In a few days, we revamped AMPS’ indexing model to add hash indexes, and we were able to outpace the competitor in terms of queries and still maintain the 30X insert advantage. To elaborate, indexing schemes in most database systems rightfully optimize reads at the expense of maintaining indices during writes (updating and possibly rebalancing B-Trees, etc). The result is slow writes/updates but faster reads – a good tradeoff as most use cases are ‘write once, read many’. By adding hash indexes, AMPS included the ability to perform extremely fast lookup for this scenario while keeping inserts extremely efficient. In the last laps, AMPS was fueled with a combination of statically maintained indexes and on demand indexes which allowed AMPS to zoom past the checkered flag in record time.
In summary, AMPS’ Hash Index model allows one to very rapidly find data for queries that are fully covered by a hash index, as well as to take advantage of the divide and conquer on-demand indexing traditionally used by AMPS. Hash indexes brought us back to a Bugatti-level as it dramatically improve AMPS performance for query-heavy (NoSQL) scenarios.
Hardware Messaging Appliances Have a Place
Once in a while we see an analogy to a Formula 1 in the guise of a hardware appliance that claims superior throughput, predictable latency, and management simplicity.

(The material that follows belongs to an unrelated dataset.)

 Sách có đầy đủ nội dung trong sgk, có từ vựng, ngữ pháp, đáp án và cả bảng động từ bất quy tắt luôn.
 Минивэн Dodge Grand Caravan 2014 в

Their literature tells us there are scenarios where offloading or redirecting workloads to a messaging appliance makes sense, and if you are doing everything you need to do on the NIC, then a hardware messaging appliance is something that could be useful. By avoiding disk paging and CPU interrupts alone, they argue that they can predictably provide low latency with minimal interruption.

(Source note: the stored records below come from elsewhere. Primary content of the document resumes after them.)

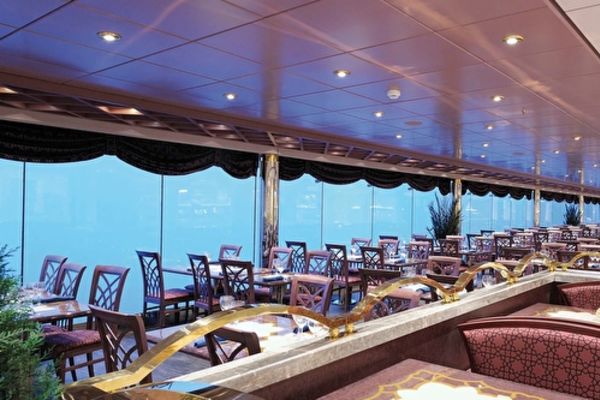 https://static.traveltek.net/cruisepics/local_shipimages_large/1782464361.jpg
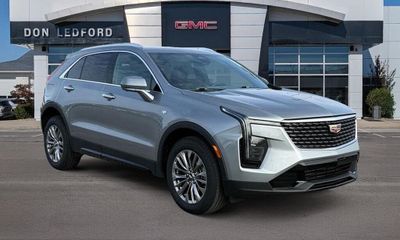 2025 Cadillac XT4 Premium Luxury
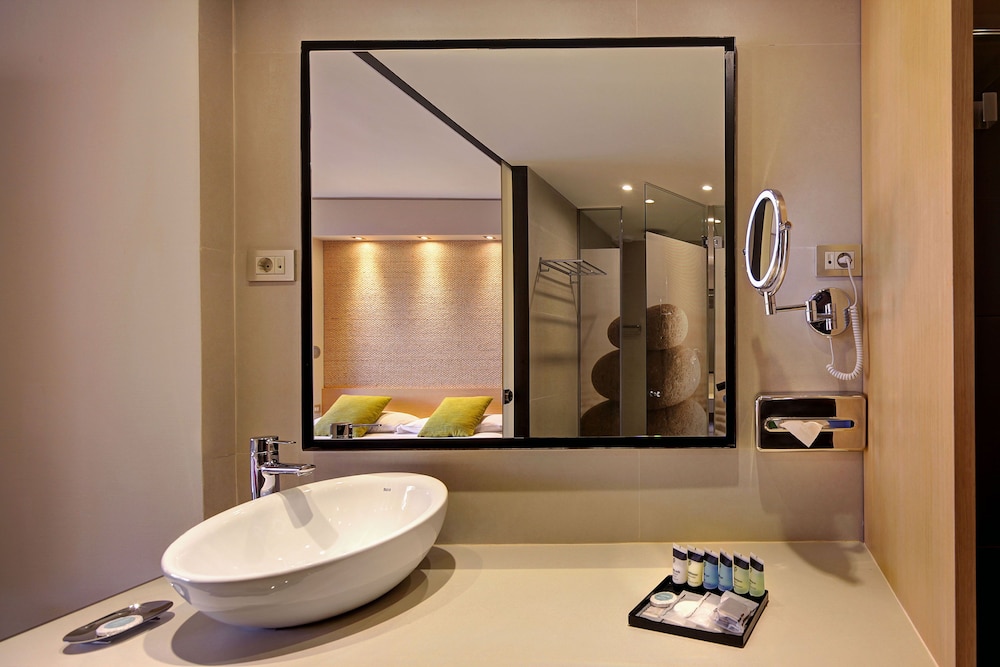 Presidential Suite With Sea View & Spa Access - 1 Adult photo 3
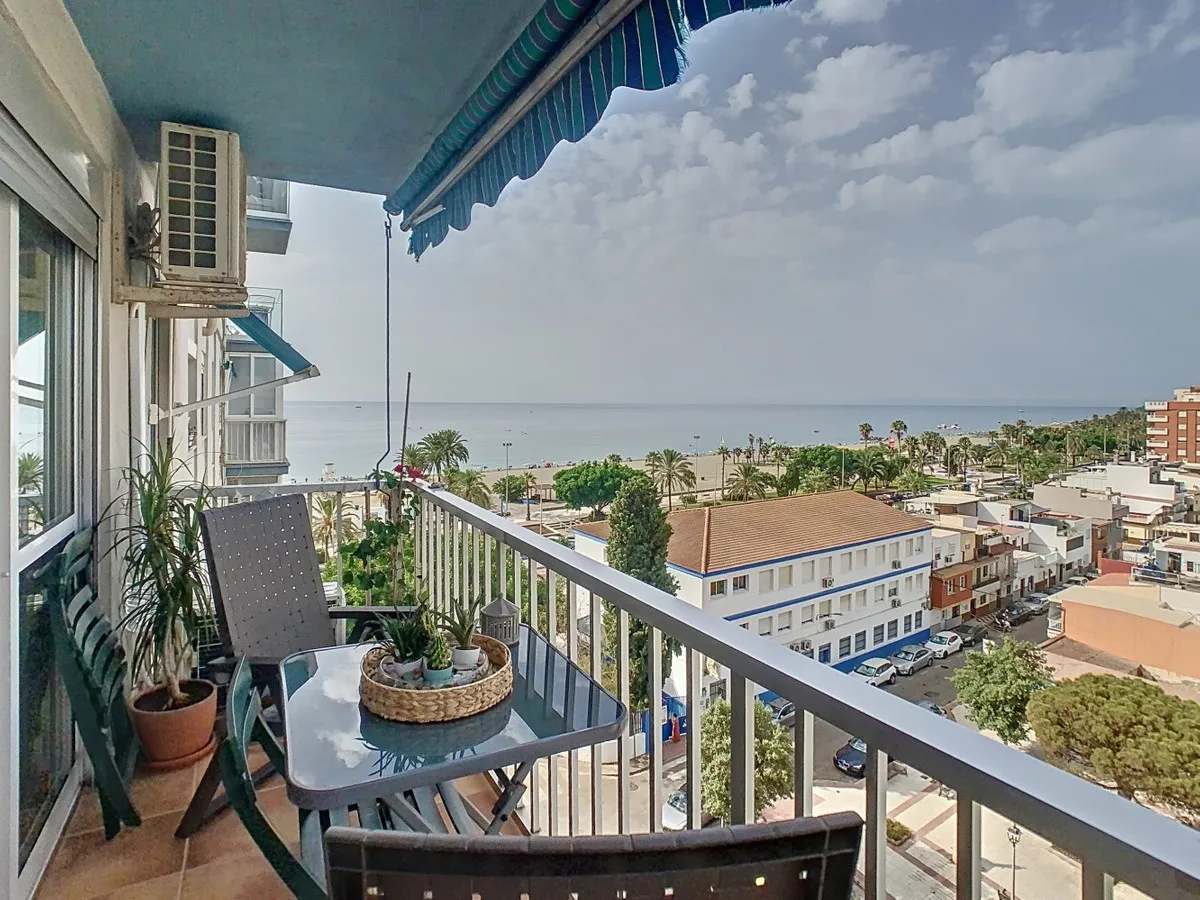 e35eb31b-3731-45f4-b6d1-84917b4ec342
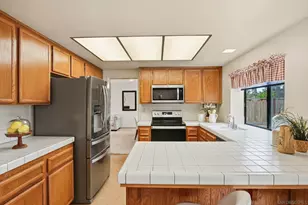 10630 Oakbend Dr, San Diego, CA 92131 - Photo 17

It’s fairly understandable that some people will still think that hardware vendors will always perform faster - it’s a dedicated box with minimal contention and can have registers aligned to the actual message types in the use case. The software driving the hardware can be finely tuned and optimized to both the use case and the customized hardware. The vendor can optimize their TCP stack, employ zero-copy processing and hand off results without leaving the NIC - nothing could be better at receiving, processing and pushing out messages… right?
The premium costs for dedicated appliances make sense only if they do something better (i.e. faster) than what best of breed commodity hardware/software can do and if they are more simple to manage and you can afford to scale out with more or advanced hardware. That is a lot of “Ifs”… perhaps the Forumula 1 cars should go race on their own special track.

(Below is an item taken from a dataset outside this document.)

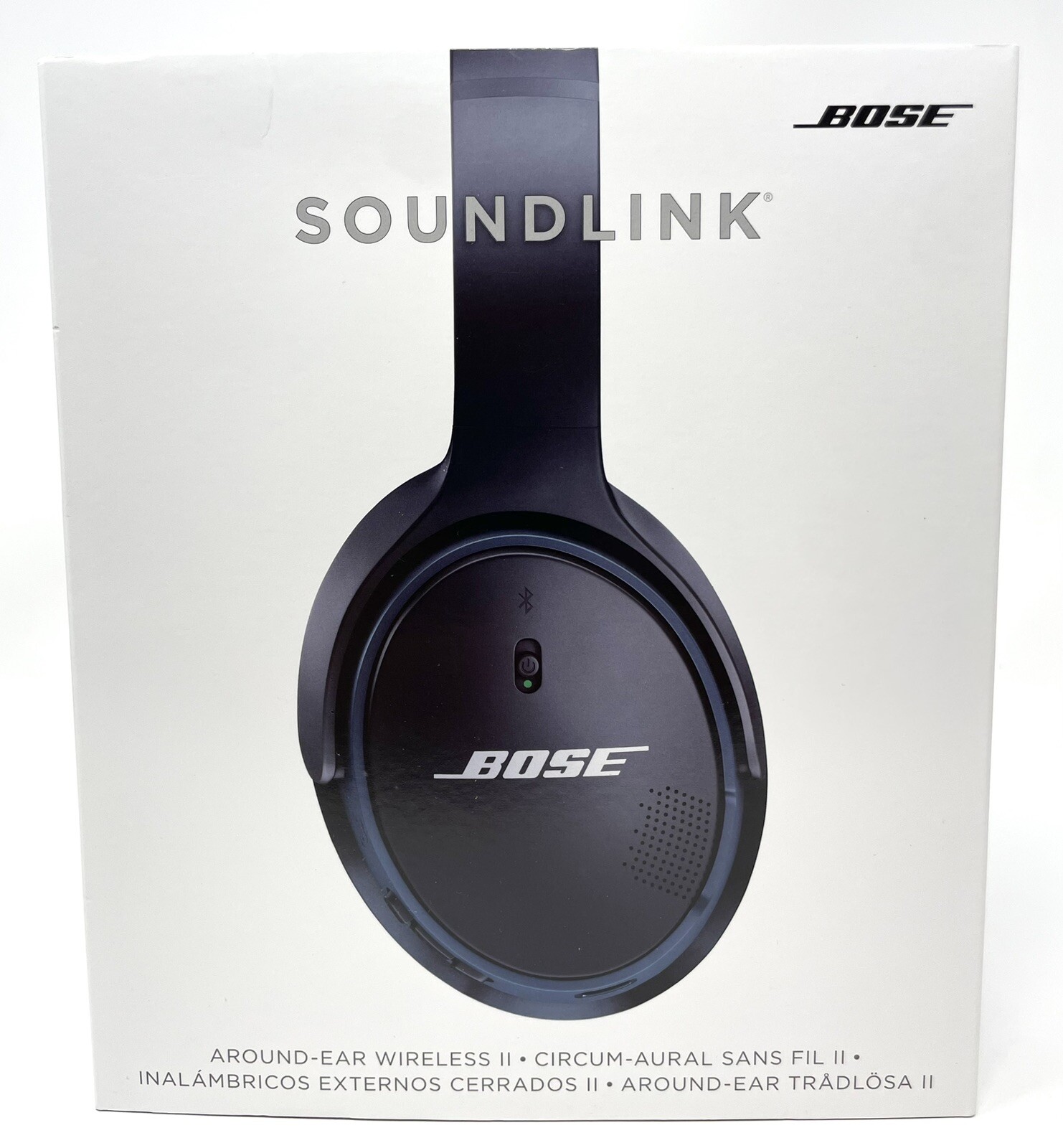 Bose SoundLink Wireless Bluetooth Over-Ear Headphones in Black-image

What if a software solution proves these assertions wrong?
When your needs change, hardware appliances can make you feel like you’re spinning your wheels.
A View to A Trade
So let’s take a real world example: a View Server system where front office equity traders are constantly changing the data they want to see. With even a dozen traders, let alone 100, this can be taxing on the server technology during peak loads when the server has to process incoming market streams as well as quickly serving data requests from the traders while potentially having to enrich or validate the structured and unstructured data.
The hardware appliance was able to drive throughput to 1.6 million 1KB messages per second and the AMPS software (running on commodity hardware) was able to realize 4.5 million messages per second – only being bound by the memory, network and CPU.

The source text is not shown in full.